Shieh Alexander, Mathai Tejas Sudharshan, Liu Jianfei, Paul Angshuman, Summers Ronald M
Imaging Biomarkers and Computer-Aided Diagnosis Laboratory, Radiology and Imaging Sciences, Clinical Center, National Institutes of Health, Bethesda MD, USA.
Indian Institute of Technology, Jodhpur, Rajasthan, India.

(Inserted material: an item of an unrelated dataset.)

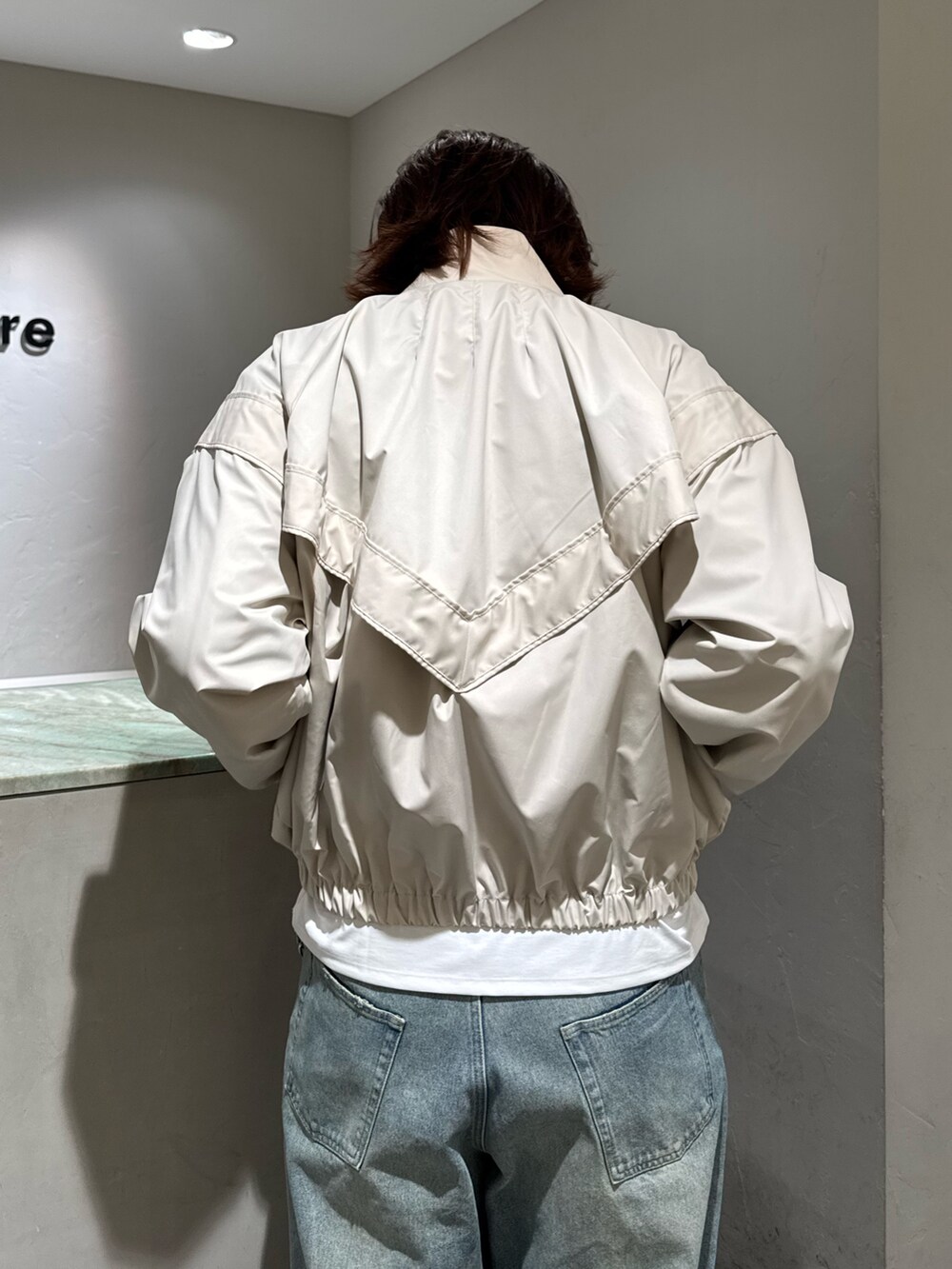「ジャケット、春色、春めき満開コーデ、春コーデ、古着MIX、大人カジュアル、スポーツミックス、韓国ファッション、休日スタイル、デートコーデ、お出かけコーデ、ブルゾン、デニム、ワイドデニム、いいね、save、フォローお願いします🤑」｜「Lui'sのペイントエレファントジーンズ（デニムパンツ、ブルー系）」を使った、shunya kogaさん（骨格ストレート・メンズ・182cm）の春コーディネートの6枚目の写真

ArXiv. 2025 Apr 7:arXiv:2504.05207v1.
Universal lesion detection and tagging (ULDT) in CT studies is critical for tumor burden assessment and tracking the progression of lesion status (growth/shrinkage) over time. However, a lack of fully annotated data hinders the development of effective ULDT approaches. Prior work used the DeepLesion dataset (4,427 patients, 10,594 studies, 32,120 CT slices, 32,735 lesions, 8 body part labels) for algorithmic development, but this dataset is not completely annotated and contains class imbalances. To address these issues, in this work, we developed a self-training pipeline for ULDT. A VFNet model was trained on a limited 11.5% subset of DeepLesion (bounding boxes + tags) to detect and classify lesions in CT studies. Then, it identified and incorporated novel lesion candidates from a larger unseen data subset into its training set, and self-trained itself over multiple rounds. Multiple self-training experiments were conducted with different threshold policies to select predicted lesions with higher quality and cover the class imbalances. We discovered that direct self-training improved the sensitivities of over-represented lesion classes at the expense of under-represented classes. However, upsampling the lesions mined during self-training along with a variable threshold policy yielded a 6.5% increase in sensitivity at 4 FP in contrast to self-training without class balancing (72% vs 78.5%) and a 11.7% increase compared to the same self-training policy without upsampling (66.8% vs 78.5%). Furthermore, we show that our results either improved or maintained the sensitivity at 4FP for all 8 lesion classes.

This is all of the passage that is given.